Consider this: Fielding didn't have to be a big boofy bloke to wrestle bones. She had four kids. She's a grown woman of about 170 centimetres with a body mass index of just under 24. She keeps fit but she's not obsessive.
Of course, Carla Harris, the research executive manager at the Workplace Gender Equality Agency, says industries, companies, organisations need to change. She's paid to say that.
But she's right. She says to change workplaces we must do three things.
One, do an analysis of your entire team, department, organisation. Check out the numbers, the jobs, the positions.
Two, be accountable for what you find.

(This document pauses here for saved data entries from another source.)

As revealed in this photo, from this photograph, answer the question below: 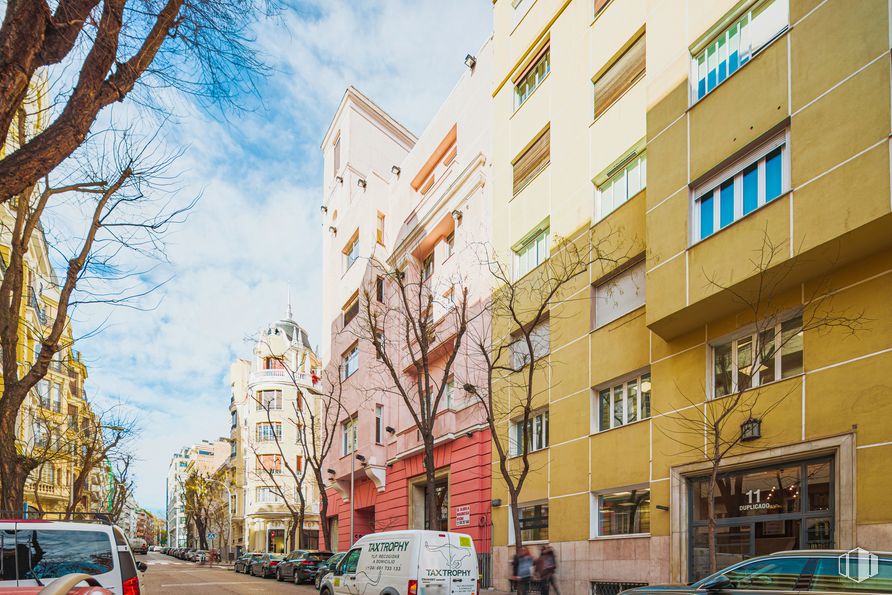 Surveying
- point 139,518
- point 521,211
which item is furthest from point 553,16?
point 139,518

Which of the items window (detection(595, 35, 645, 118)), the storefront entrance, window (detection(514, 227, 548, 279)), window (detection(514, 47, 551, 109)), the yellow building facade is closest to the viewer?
the yellow building facade

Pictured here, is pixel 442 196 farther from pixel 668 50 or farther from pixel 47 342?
pixel 47 342

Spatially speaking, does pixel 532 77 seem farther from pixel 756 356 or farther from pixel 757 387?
pixel 756 356

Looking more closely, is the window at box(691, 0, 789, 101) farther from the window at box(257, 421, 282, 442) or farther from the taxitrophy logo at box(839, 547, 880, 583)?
the window at box(257, 421, 282, 442)

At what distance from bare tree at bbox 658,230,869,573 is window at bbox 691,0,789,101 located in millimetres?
3814

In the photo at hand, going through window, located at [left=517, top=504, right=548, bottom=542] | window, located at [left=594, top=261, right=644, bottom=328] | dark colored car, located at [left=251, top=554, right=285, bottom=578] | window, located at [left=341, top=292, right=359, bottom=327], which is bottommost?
dark colored car, located at [left=251, top=554, right=285, bottom=578]

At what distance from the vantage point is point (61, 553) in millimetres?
7953

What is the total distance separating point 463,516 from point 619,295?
981 cm

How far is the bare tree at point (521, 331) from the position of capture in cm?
1853

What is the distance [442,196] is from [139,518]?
189m

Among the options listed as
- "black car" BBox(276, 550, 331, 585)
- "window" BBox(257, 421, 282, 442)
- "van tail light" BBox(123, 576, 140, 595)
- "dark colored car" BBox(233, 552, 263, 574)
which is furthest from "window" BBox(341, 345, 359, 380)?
"window" BBox(257, 421, 282, 442)

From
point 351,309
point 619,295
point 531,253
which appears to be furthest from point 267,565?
point 619,295

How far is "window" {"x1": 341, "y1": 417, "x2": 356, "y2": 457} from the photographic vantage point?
34844mm

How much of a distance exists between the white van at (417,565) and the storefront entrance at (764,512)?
14.8ft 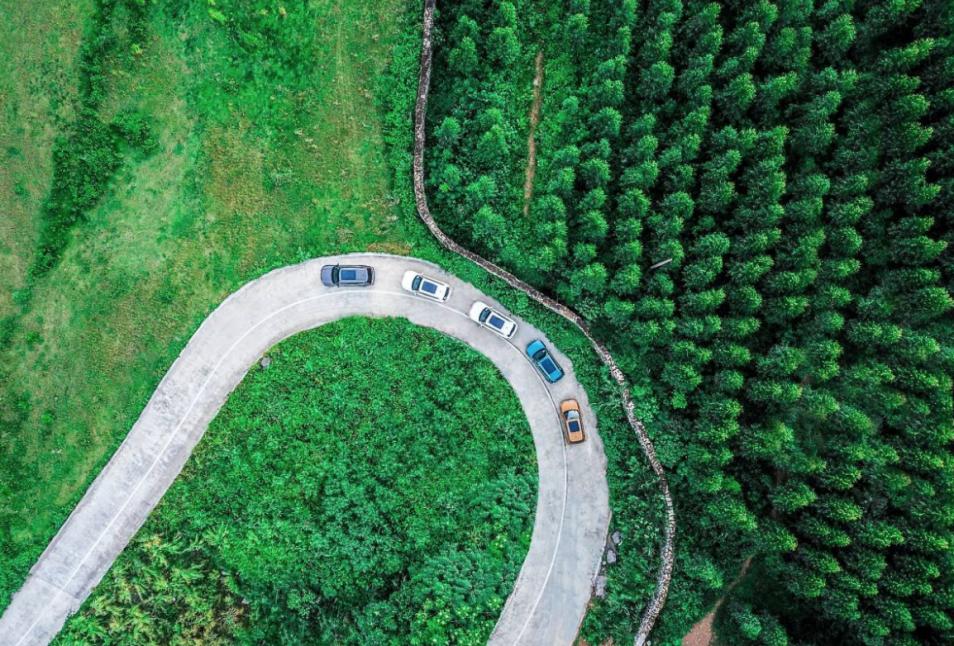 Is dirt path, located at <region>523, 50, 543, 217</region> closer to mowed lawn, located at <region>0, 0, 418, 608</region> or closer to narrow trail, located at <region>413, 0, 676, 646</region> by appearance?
narrow trail, located at <region>413, 0, 676, 646</region>

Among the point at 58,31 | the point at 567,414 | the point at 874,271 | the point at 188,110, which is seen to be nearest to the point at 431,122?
the point at 188,110

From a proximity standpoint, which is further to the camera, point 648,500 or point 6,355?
point 6,355

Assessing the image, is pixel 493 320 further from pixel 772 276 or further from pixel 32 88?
pixel 32 88

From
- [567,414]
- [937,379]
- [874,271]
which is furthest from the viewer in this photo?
[567,414]

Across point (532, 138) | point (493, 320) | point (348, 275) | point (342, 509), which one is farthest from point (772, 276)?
point (342, 509)

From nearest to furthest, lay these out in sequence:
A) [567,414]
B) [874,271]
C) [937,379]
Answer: [937,379]
[874,271]
[567,414]

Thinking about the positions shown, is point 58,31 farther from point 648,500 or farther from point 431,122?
point 648,500

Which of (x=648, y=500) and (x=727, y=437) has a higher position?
(x=727, y=437)

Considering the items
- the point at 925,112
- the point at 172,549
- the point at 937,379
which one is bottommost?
the point at 172,549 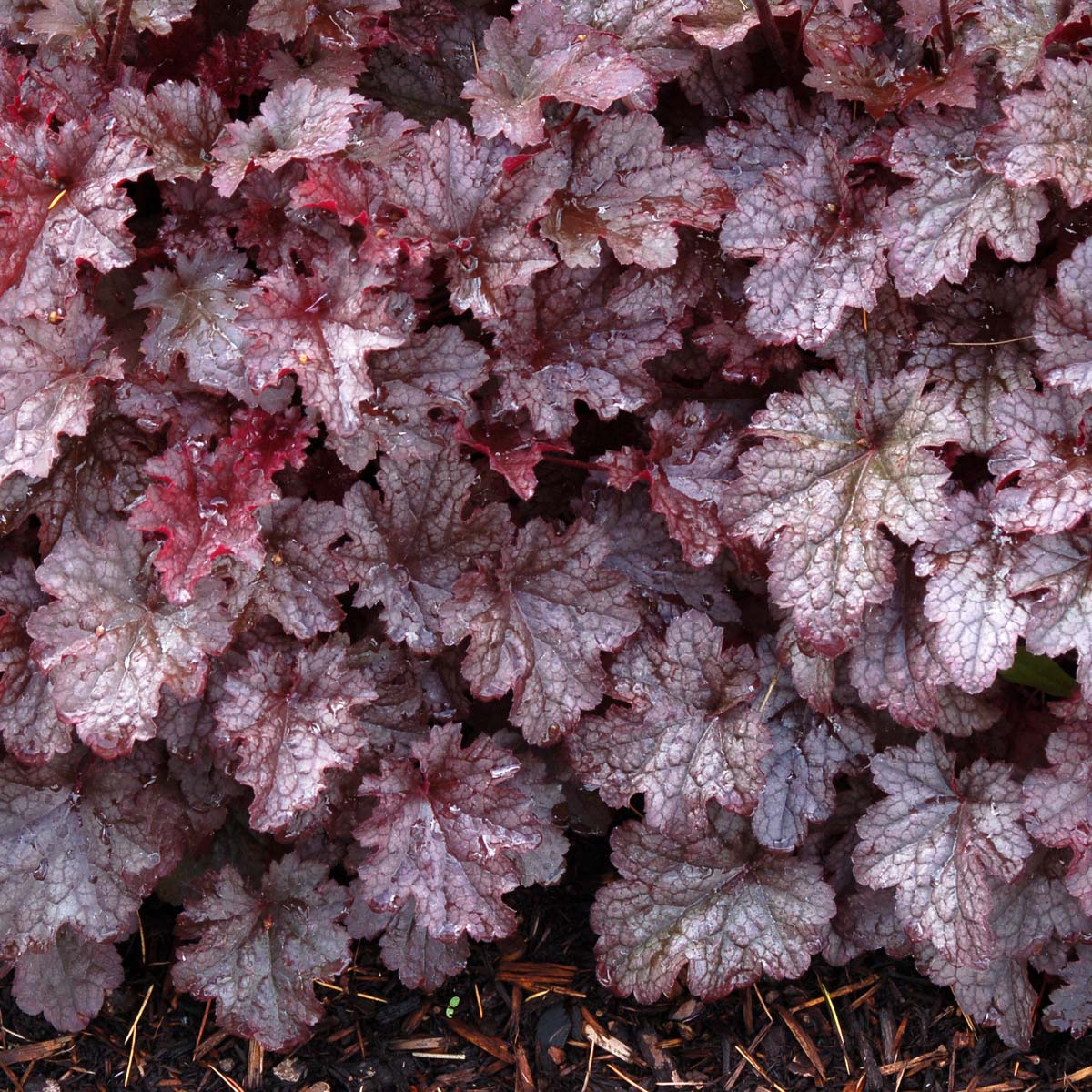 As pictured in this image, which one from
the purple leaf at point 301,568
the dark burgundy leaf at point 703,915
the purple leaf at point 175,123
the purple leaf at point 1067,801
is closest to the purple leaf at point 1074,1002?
the purple leaf at point 1067,801

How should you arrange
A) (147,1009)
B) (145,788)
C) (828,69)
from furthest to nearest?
(147,1009) < (145,788) < (828,69)

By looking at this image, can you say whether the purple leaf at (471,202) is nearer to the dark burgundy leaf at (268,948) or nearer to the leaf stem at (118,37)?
the leaf stem at (118,37)

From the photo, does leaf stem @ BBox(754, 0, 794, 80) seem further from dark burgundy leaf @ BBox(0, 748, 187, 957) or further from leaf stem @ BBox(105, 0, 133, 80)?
dark burgundy leaf @ BBox(0, 748, 187, 957)

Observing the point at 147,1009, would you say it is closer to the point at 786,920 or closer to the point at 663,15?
the point at 786,920

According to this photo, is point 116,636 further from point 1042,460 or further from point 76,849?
point 1042,460

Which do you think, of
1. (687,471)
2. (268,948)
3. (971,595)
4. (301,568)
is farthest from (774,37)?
(268,948)

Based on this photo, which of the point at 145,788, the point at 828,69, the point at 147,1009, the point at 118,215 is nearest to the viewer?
the point at 118,215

Make someone take the responsibility for discrepancies on equity of any kind.
Three, set targets. Make them meaningful. I mean, should we be applauding orthopaedic surgeons for getting a minuscule increase in female participation over three years? Really?
We need to start being a lot louder and prouder in our workplaces to get equality. Yes, some of us want to concentrate on rearing children. I get that. But there are an increasing number of Australian women who will have never have children. Who couldn't think of anything worse. And who want exactly the same kinds of opportunities as their brothers.
But really, if we want to increase women's participation, we must smash the patriarchy.
Oops. I'm not allowed to say that. I'm meant to say, change from within. Let's all play nicely. Organisations will change eventually.
Thing is, I doubt that. Why would you give up power and privilege if you don't have to?